R ¹ , R ² are each independently H, A, cycloalkyl- [C (R ⁷ R ^{7 '} )] _n -or Ar- [C (R ⁷ R ^7' )] _n- ,

R ³ , R ⁴ are each independently H, Ar, Het, R ⁵ , wherein at least one of the two radicals is R ⁵ ,

R ⁵ is —COA, Ar— [C (R ⁷ R ^{7 ′} )] _n —CO—, COOA, OH or a common amino protecting group, —NH—C (═NH) —NH ₂ , —CO—N═C (NH ₂ ) ₂ ,

May be mono-substituted and optionally also A, Ar ', Het, OR ⁶ , NR ⁶ R ^6' , NO ₂ , CN, Hal, NR ⁶ COA, NR ⁶ COAr ', NR ⁶ SO ₂ A, NR ⁶ SO ₂ Ar ', COOR ⁶ , CO-NR ⁶ R ^6' , COR ⁷ , CO-Ar ', SO ₂ NR ⁶ R ^6' , S (O) _n Ar 'or S (O) _n A Phenyl, naphthyl or biphenyl substituted with -C (= NH) -NH ₂ ,

R ⁶ , R ^{6 '} are each independently H, A, CR ⁷ R ^7' -Ar 'or CR ⁷ R ^7' -Het,

R ⁷ and R ^{7 '} are each independently H or A,

X, Y are each independently (CR ⁷ R ^{7 '} ) _n ,

A has from 1 to ₂ carbon atoms in which one or two CH ₂ groups may be substituted by O or S atoms and / or by —CH═CH—groups, and / or 1 to 7 H atoms may be substituted by F Alkyl of 20,

Ar is unsubstituted or A, Ar ', Het, OR ⁶ , NR ⁶ R ^6' , NO ₂ , CN, Hal, NR ⁶ COA, NR ⁶ COAr ', NR ⁶ SO ₂ A, NR ⁶ SO ₂ Ar', COOR ⁶ , CO-NR ⁶ R ^{6 '} , CON ⁶ Ar', COR ⁷ , COAr ', SO ₂ NR ⁶ R ^6' , S (O) _n Ar 'or S (O) _n A Substituted phenyl, naphthyl or biphenyl,

Ar 'is unsubstituted or A, OR ⁷ , NR ⁷ R ^7' , NO ₂ , CN, Hal, NR ⁷ COA, NR ⁷ SO ₂ A, COOR ⁷ , CO-NR ⁷ R ^{7 '} , COR ⁷ , SO ₂ NR ⁷ R ^{7 ′} or phenyl or naphthyl, mono or trisubstituted with S (O) _n A,

Het is unsubstituted or A, OR ⁷ , NR ⁷ R ^{7 '} , NO ₂ , CN, Hal, NR ⁷ COA, NR ⁷ SO ₂ A, COOR ⁷ , CO-NR ⁷ R ^7' , COR ⁷ , SO ₂ NR ⁷ R ^{7 ′} , mononuclear or heteronuclear saturated, unsaturated or aromatic having 1 to 4 N, O and / or S atoms, which may be one, two or trisubstituted with S (O) _n A and / or carbonyl oxygen Heterocycle,

Hal is F, Cl, Br or I,

n is 0, 1 or 2)

And pharmaceutically resistant salts and solvates thereof.

The invention also relates to optically active forms of these compounds, racemates, diastereomers, hydrates and solvates such as alcoholates.

It is an object of the present invention to find novel compounds having useful properties, in particular properties useful for the preparation of a medicament.

The compounds of formula (I) and salts thereof have been found to have very useful pharmacological properties and good resistance.
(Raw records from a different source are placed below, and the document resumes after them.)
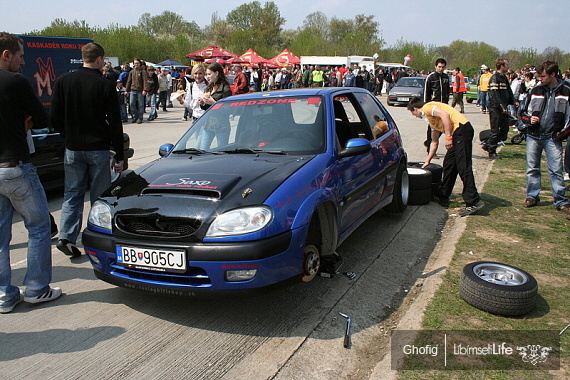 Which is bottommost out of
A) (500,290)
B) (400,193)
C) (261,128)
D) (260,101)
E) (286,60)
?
(500,290)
They especially exhibit factor Xa-inhibiting properties and can therefore be used for the control and prevention of thromboembolic diseases such as thrombosis, myocardial infarction, atherosclerosis, inflammation, stroke, angina, restenosis after angioplasty and intermittent claudication.

The compounds of formula (I) according to the invention can also be inhibitors of factor VIIa, factor IXa and thrombin, which are the coagulation factors of the blood coagulation cascade.

Aromatic amidine derivatives with antithrombotic action are for example disclosed in EP 0 540 051 B1. Cyclic guanidines for the treatment of thromboembolic diseases are described, for example, in WO 97/08165. Aromatic heterocycles having factor Xa-inhibitory activity are disclosed, for example, in WO 96/10022. Substituted N-[(aminoiminomethyl) phenylalkyl] azaheterocyclylamide as a Factor Xa inhibitor is disclosed in WO 96/40679.

The antithrombotic and anticoagulant action of the compounds according to the invention is due to the inhibitory action on activated coagulation proteases known as factor Xa or the inhibition of other activated serine proteases such as factor VIIa, factor IXa or thrombin.

Factor Xa is one of the proteases involved in the complex process of blood coagulation. Factor Xa catalyzes the conversion of prothrombin to thrombin. Thrombin breaks down fibrinogen into fibrin monomers that cross-link and basically form thrombi. Thrombin activation can lead to thromboembolic disorders. However, inhibiting thrombin can inhibit the formation of fibrin associated with thrombus formation.

Inhibition of thrombin can be measured, for example, according to the method of GF Cousins et al., In Circulation 1996 , 94, 1705-1712.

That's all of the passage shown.